* _EXERCISE DETAILS_: Find the line with "Grilled pork steak with pepper sauce photo" in the entries below, then output every line from it down to the line with "Woman wears vibrant", exactly and with no pictures.

* _MATERIAL FOR THIS TASK_:
********************

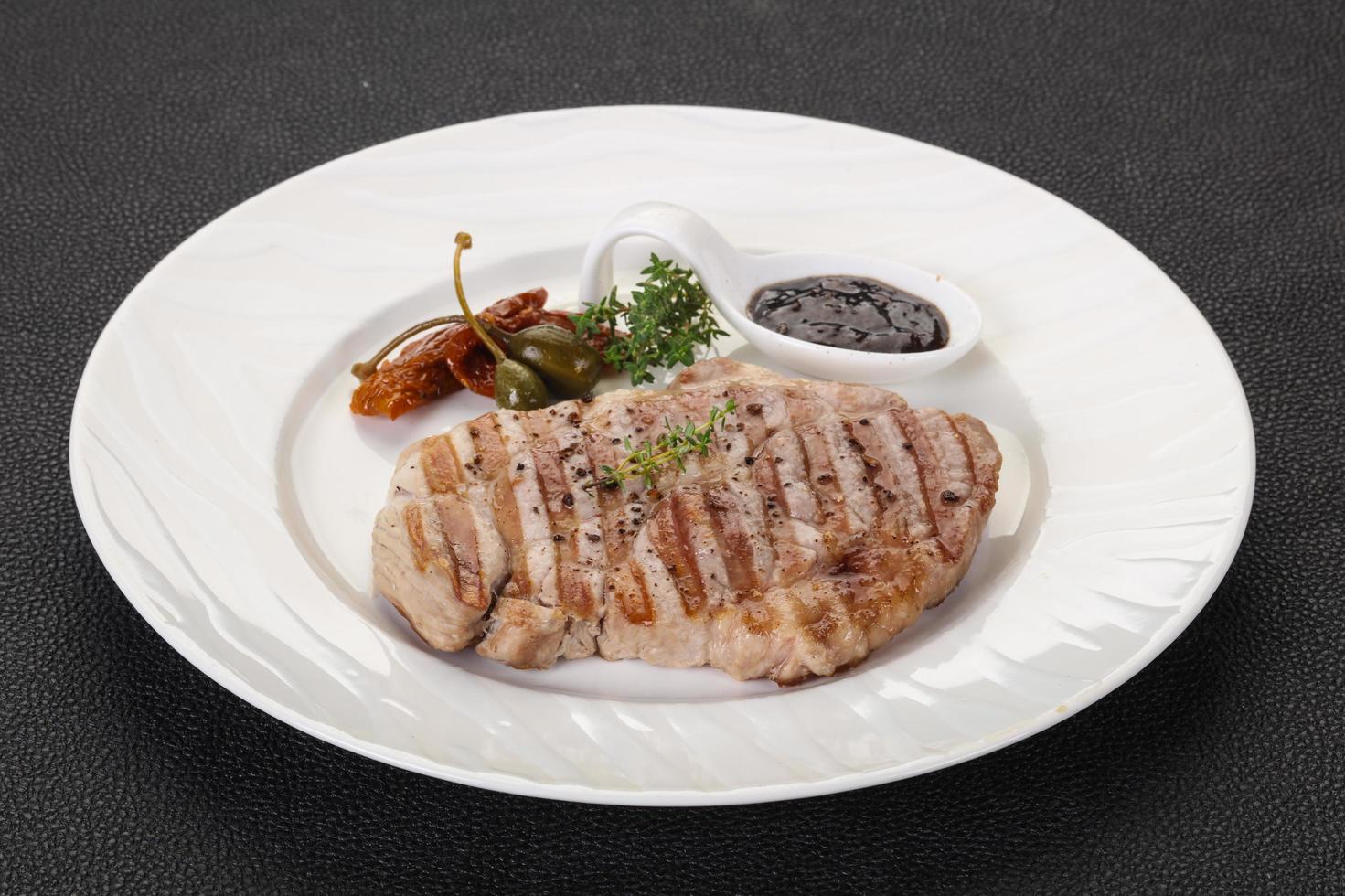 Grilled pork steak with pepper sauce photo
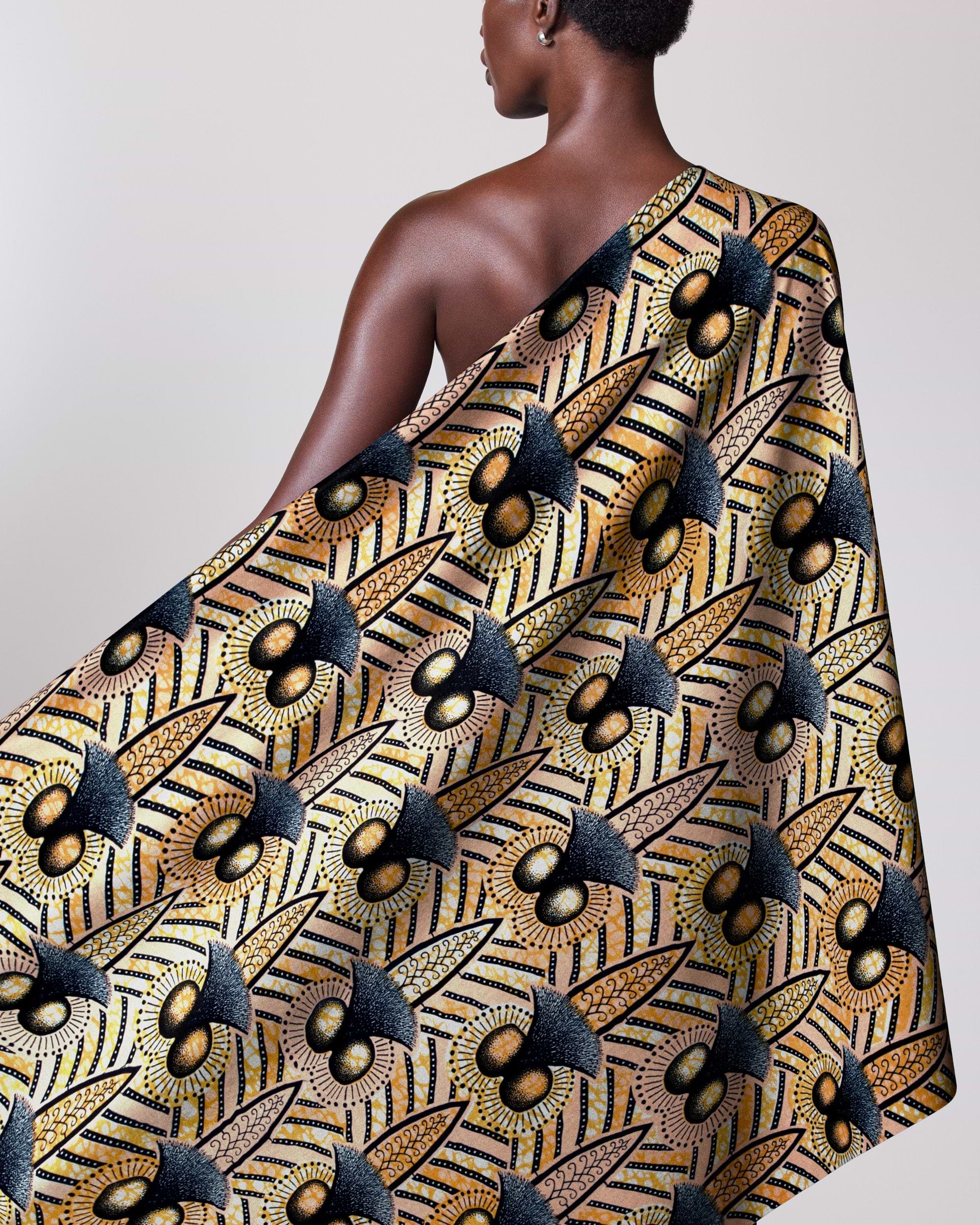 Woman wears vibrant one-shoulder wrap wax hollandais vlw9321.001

********************

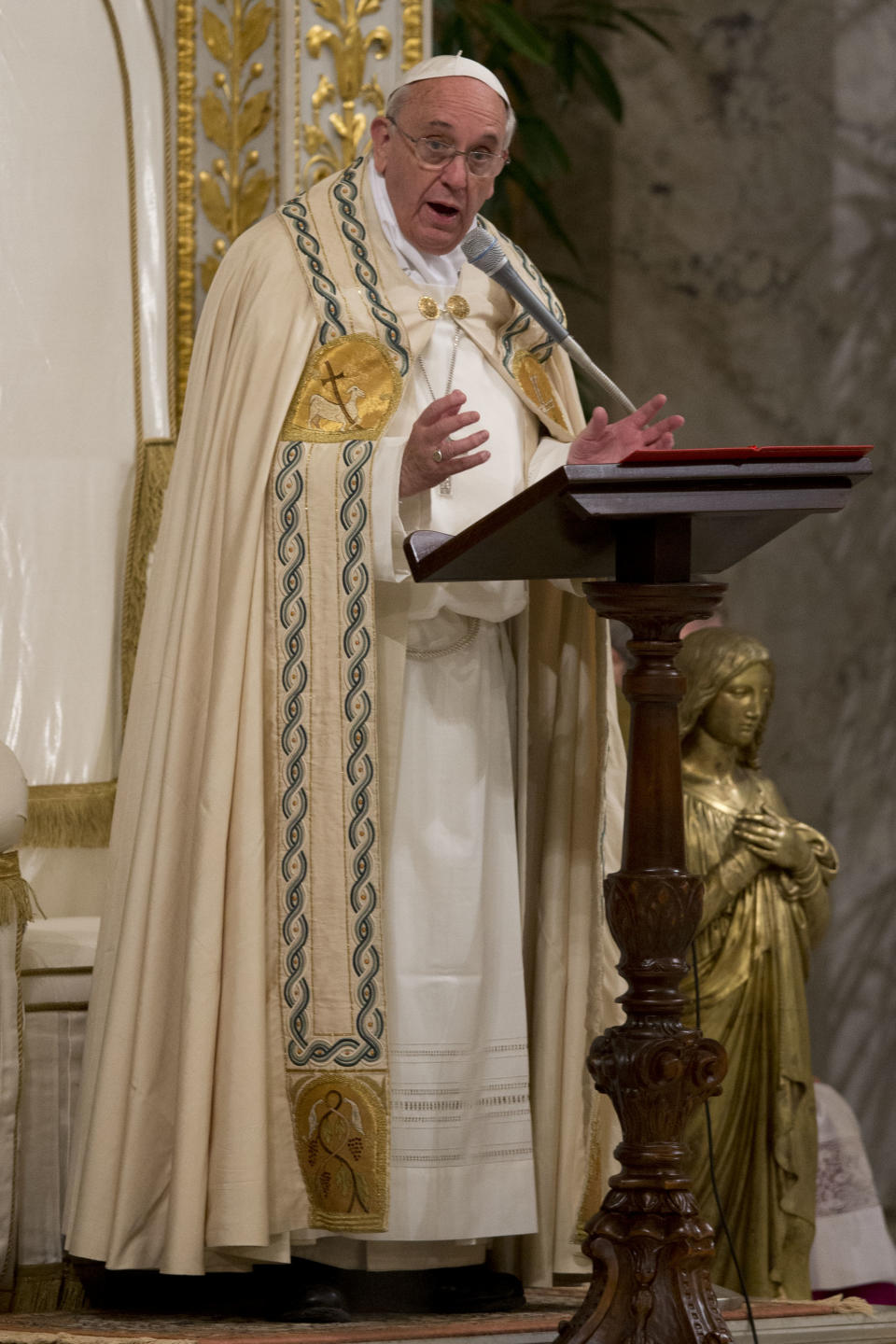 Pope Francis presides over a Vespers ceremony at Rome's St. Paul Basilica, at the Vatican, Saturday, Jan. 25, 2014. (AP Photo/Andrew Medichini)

********************

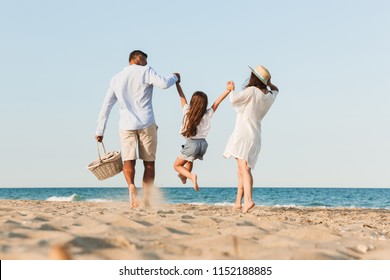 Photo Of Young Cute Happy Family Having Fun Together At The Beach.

********************

* _FINISHED TASK_:
 Grilled pork steak with pepper sauce photo
 Woman wears vibrant one-shoulder wrap wax hollandais vlw9321.001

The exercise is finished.